Recent Tutoring Session Reviews
"This session we practiced translation in preparation for his exam this week. As we translated we reviewed many basic and complex grammatical concepts including accusative-infinitive constructions and gerunds. We also continued to practice translation strategies such as working backward from the verb to subject, identifying constructions separable from the main thought, and using the English title/passage preface for context and vocab help. In preparation for his exam/next session, I ask him to memorize all verb forms, the conjugation of the irregular verb sum, and the declensions of the relative and demonstrative pronoun."
"The student translated well. The translation today seemed much harder than yesterday and had a lot of unknown vocabulary. I was not able to see the exercises in the online version which he could see in the printed version, so I was not able to go over that with him, but we went back and picked out examples of "ne" clauses and gerundives from the text and I will bring in some with me to go over tomorrow."
"We reviewed the latest three chapters for the student's test on Monday.
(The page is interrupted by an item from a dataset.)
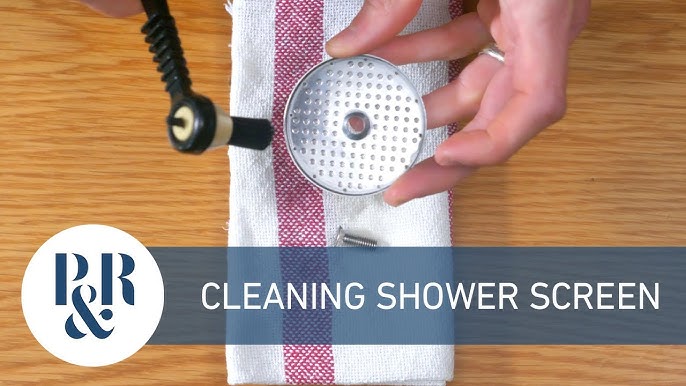 Cuisinart coffee maker showerhead screen cleaning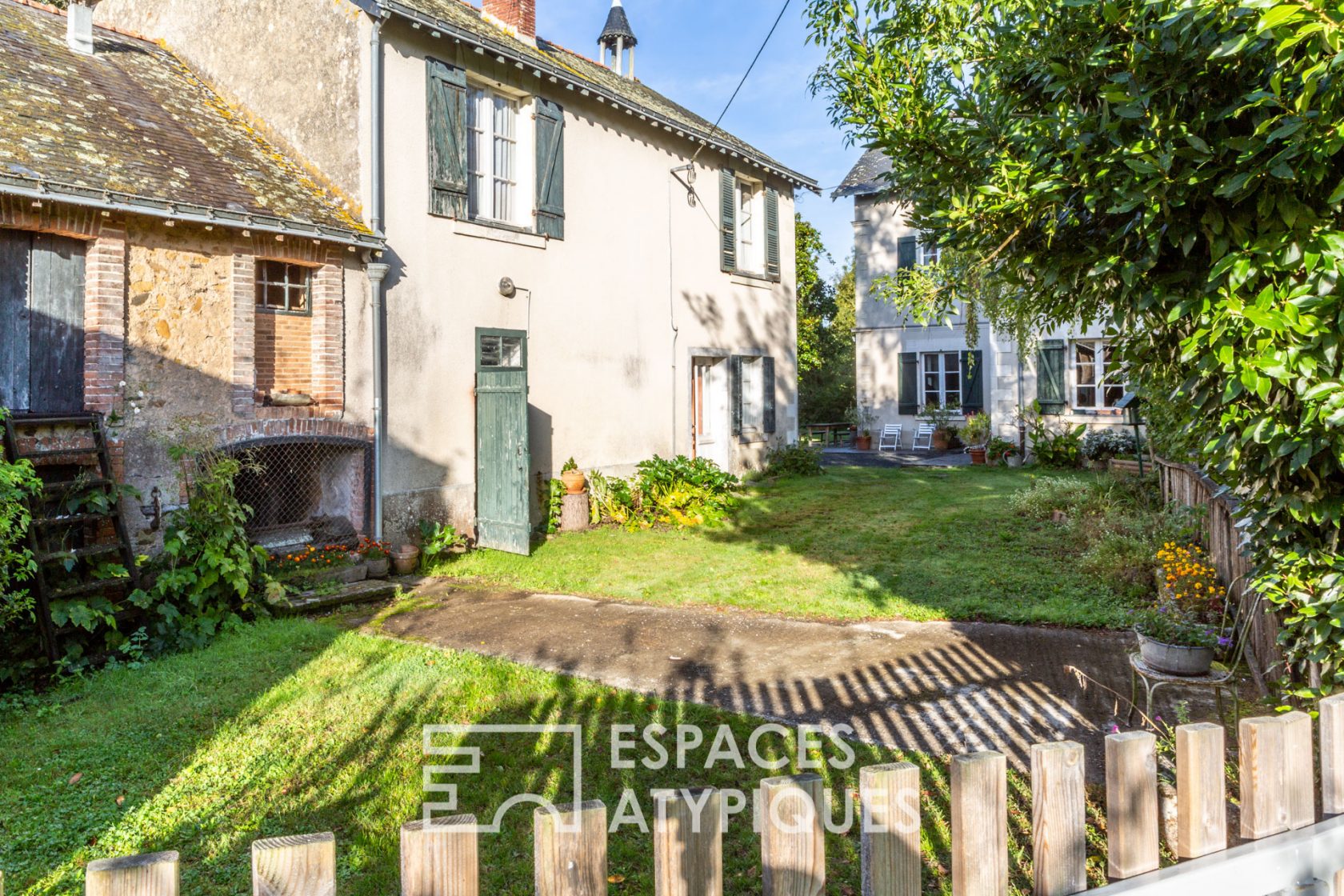 Sous-Compromis – Maison de Maitre dans parc arboré sur les bords de l’Erdre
We worked on the grammar and irregular forms. Reviewed the many uses of the ablative and dative. Next week we will get introduced to the subjunctive. It may be exciting."
"This session, the student and I finished his assignment, editing what he had already written and adding another two sentences to increase length and include a change of tense. Then, we discussed and outlined his essay, focusing on the thesis statement. He had many details to contribute to this outline and this should make for a very interesting paper. For next time, finish writing the paper and we will edit this together. I am sending along a review sheet with the vocabulary we went over for the assignment."
"Today, the student and I ran through her vocabulary list in preparation for her vocabulary quiz, and discussed mnemonics. We then moved into practicing the grammar from her current chapter, and completed some translations in order to both internalize the new grammatical structures and see some of the vocabulary words in context. Finally, we spent some time reviewing older concepts, namely noun endings."
"It was a great first session. He seems to be a good student and receptive. I will enjoy working with him! We covered the noun cases, the first declension, and the first two conjugations in the present, future, and imperfect. He has some small gaps due to his lack of grammar instruction in Latin 1, but I think he can catch up fast. I also really like the fact that he has been learning Roman history."
"We worked on Latin to English and English to Latin translation using perfect and imperfect verb conjugations."
"Today, we worked on the perfect passive system. We started out working through some practice sentences her teacher had created, where they are given an English sentence along with the necessary Latin vocabulary, and then asked to produce the Latin sentence. The student understood the process well, but had some difficulty coming up with various forms on the spot. Eventually, she wrote out all the declensional patterns, and it turns out she knows most of them well as systems, but had more trouble recalling any given particular form, so I encouraged that she practice that, and we will come back to it in the future. She also didn't remember how the imperfect and future of the verb 'to be' are formed, so we reviewed that, and she also added it to her list of things to study. When we had finished the provided sentences, I had her modify some of them to practice other tenses, or other combinations of person and number. Finally, we finished out the time by doing some more work on recalling individual case forms."
"In our session, both students and I reviewed the present tense conjugation charts for sum and played a memory game. I placed twelve flashcards facedown on the table so that there were three rows and four columns of cards. Each card had either a present tense form of sum or the English translation for a present tense form of sum. We each took turns flipping over two cards. If a player flipped over a form of sum and the English translation of that form, they could keep the pair of flashcards. The player with the most pairs won. Student A was very good at remembering where cards were placed on the table and found a pair all by herself. In the second round of this game, she decided to watch Student B and I play and read out the form needed to make a match from her conjugation chart of sum i.e. when I turned over the flashcard with "they are" written on it, Student A read the corresponding Latin form, sunt, so I knew what flashcard I needed to find to make a match. Next I introduced them to a new subset of Latin body part words. We played Simon Says to practice the new words and review the familiar words. To conclude our session, we briefly reviewed Latin animal names and sounds as they were going to visit the zoo after our session."